◆ DATA LISTING
= Beginning of Section =
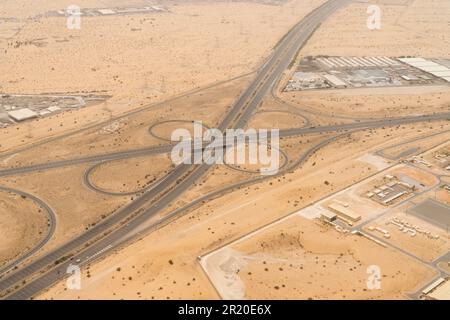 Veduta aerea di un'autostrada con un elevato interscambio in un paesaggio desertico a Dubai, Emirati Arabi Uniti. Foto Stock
= End of Section =
= Beginning of Section =
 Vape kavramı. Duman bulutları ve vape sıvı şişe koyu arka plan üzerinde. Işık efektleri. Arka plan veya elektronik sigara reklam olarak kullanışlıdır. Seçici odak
= End of Section =
= Beginning of Section =
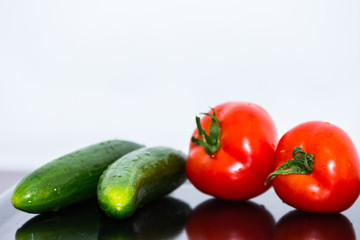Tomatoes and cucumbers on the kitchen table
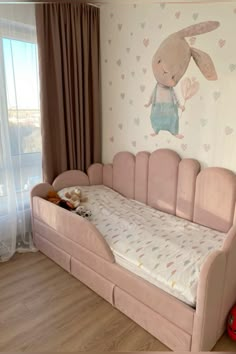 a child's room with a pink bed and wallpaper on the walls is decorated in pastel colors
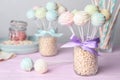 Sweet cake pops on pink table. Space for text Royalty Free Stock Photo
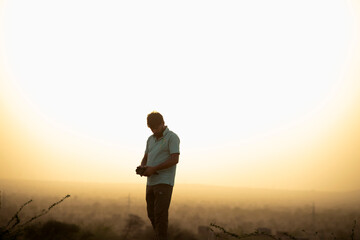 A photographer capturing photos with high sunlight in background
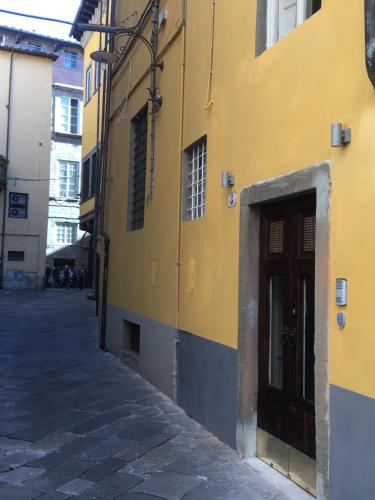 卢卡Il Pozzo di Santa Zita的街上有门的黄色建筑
= End of Section =
◆ PROBLEM DETAILS
Here the job is to copy the stretch of records from the line containing "Tomatoes and cucumbers on the kitchen table" through the line containing "卢卡Il Pozzo di Santa Zita的街上有门的黄色建筑", word for word. Leave every picture out.

◆ WRITTEN RESPONSE
Tomatoes and cucumbers on the kitchen table
 a child's room with a pink bed and wallpaper on the walls is decorated in pastel colors
 Sweet cake pops on pink table. Space for text Royalty Free Stock Photo
 A photographer capturing photos with high sunlight in background
 卢卡Il Pozzo di Santa Zita的街上有门的黄色建筑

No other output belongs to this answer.